Co-Gründer Jonas Varga hat gemeinsam mit Materialspezialisten des Fraunhofer Instituts für Chemische Technologie in Karlsruhe ein Verfahren für Ecopals entwickelt, das den Verbundkunststoff in neuen Rohstoff verwandelt. Das Material wird gewaschen, geschreddert, mit chemischen Zusätzen versehen. Das Ergebnis ist ein geruchloses Granulat in rot, grau, braun, das in den Asphalt gemixt werden kann.

Auf den meisten deutschen Straßen bestehen die Fahrbahnen aus einem Gemisch von Asphalt, Gesteinsbröckchen, und Bitumen aus Rohöl als Klebemittel. Kunststoff zuzusetzen, hat einige Vorteile: Das Material klebt besser zusammen. Es hält niedrigere und höhere Temperaturen aus als klassisches Material. Weniger Risse entstehen, was auch weniger Schlaglöcher bedeutet. Insgesamt, heißt es beim Deutschen Asphaltverband, halte Asphalt mit Kunststoff länger. Verwendet wird er vor allem bei besonders belasteten Straßen. Autobahnen zum Beispiel, Bundesstraßen und an Bushaltestellen. Und bisher wird der Kunststoff extra für den Straßenbau neu aus Rohölprodukten hergestellt.

Rund 38 Millionen Tonnen Asphaltgemisch haben die gut 300 deutschen Mischwerke 2021 hergestellt. Das Statistische Bundesamt nennt einen Wert von rund 871 Millionen Euro. Die Zahlen für 2022 sind noch nicht bekannt, im ersten Halbjahr deutete sich bereits ein Wachstum an. Nicht in allen Gemischen ist Kunststoffzugesetzt, aber der Markt für Ecopals ist doch recht groß, die Konkurrenz übersichtlich. Europaweit arbeitet noch ein schottisches Unternehmen mit dem Altplastik-zu-Straßen-Konzept.

Gestartet ist das Unternehmen Anfang 2020, offiziell gegründet haben Redwitz und Varga im Juli 2021. Der Berliner Senat finanzierte Stipendien. Inzwischen haben Investoren mehr als zwei Millionen Euro in Ecopals gesteckt. Die ersten zehn Tonnen des Granulats mischten sie in einer Garage im Berliner Stadtteil Zehlendorf selbst. 16 Freunde packten an einem Wochenende mit an. Ein Video zeigt auf Paletten gestapelte Säcke, einen orangefarbenen Betonmischer, in den Granulat geschaufelt wird. „Danach haben wir das Material zum Asphaltwerk gebracht“, sagt Redwitz. Es festigt Straßen in Aschaffenburg, Kiel und Potsdam.

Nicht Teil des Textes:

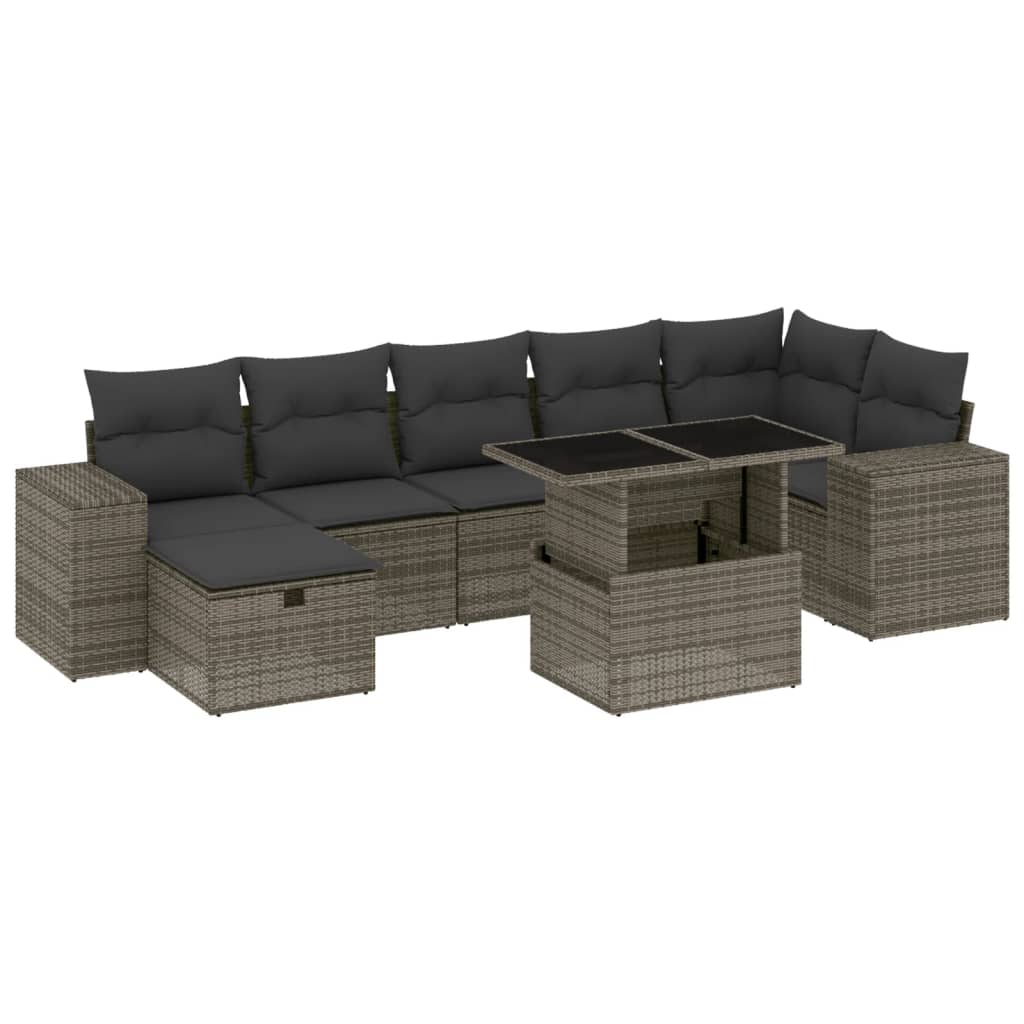 8 részes szürke polyrattan kerti ülőgarnitúra párnákkal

Jetzt sind größere Mengen nötig. Ecopals fertigt nicht selbst, lizenziert sein Verfahren an Abfallfirmen, die den Verbundkunststoff ohnehin sammeln. „Ein modernes Entsorgungsunternehmen hat die Technologie, die nötig ist, um das Recyclinggranulat herzustellen“, sagt Redwitz. „Eventuell sind kleinere Investitionen nötig, aber die lohnen sich.“ Ein Vorteil: kurze Wege. Der Verbundkunststoff fällt regional an, die Asphaltmischwerke arbeiten auch regional.

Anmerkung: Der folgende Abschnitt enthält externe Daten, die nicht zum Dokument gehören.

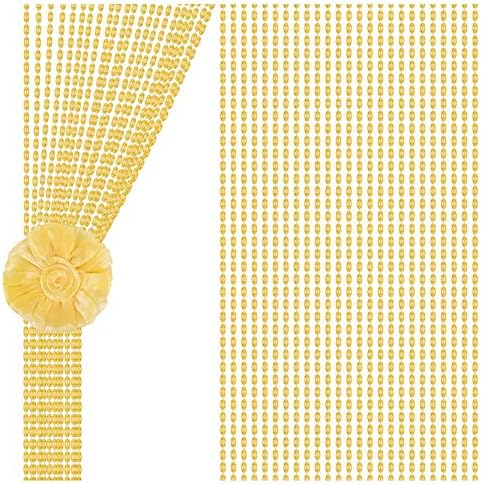 OKUOKA Gold Beaded Curtain Strands for Window Door Divider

Die Recycler sind offenbar interessiert. „Die Unternehmen sind schnell an uns herangetreten“, sagt Redwitz. Sie sparen das Geld für die Verbrennung des Kunststoffs. Zudem können sie bestimmte Recyclingquoten besser erfüllen, müssen keine Strafen bei Verstößen zahlen. Etwas zögerlicher sind offenbar die Straßenbauer. „Unsere Herausforderung ist, das Produkt in den doch eher konservativen Asphaltmarkt zu bekommen“, sagt Redwitz. Er ist aber zuversichtlich, vor allem, weil der Preis aus seiner Sicht stimmt. „Wir können Hochleistungsasphalt zum Preis von normalem Asphalt ohne Kunststoff anbieten. Und in der Branche gewinnt immer noch der günstigste Preis.“

Noch bauen die zwölf Mitarbeiter von Berlin aus das Deutschland-Geschäft aus. Aber auch anderswo wird Plastik gesammelt, werden Straßen gebaut. Redwitz und sein Team denken darüber nach, ihr Konzept auch in Spanien, der Schweiz und der Türkei anzubieten.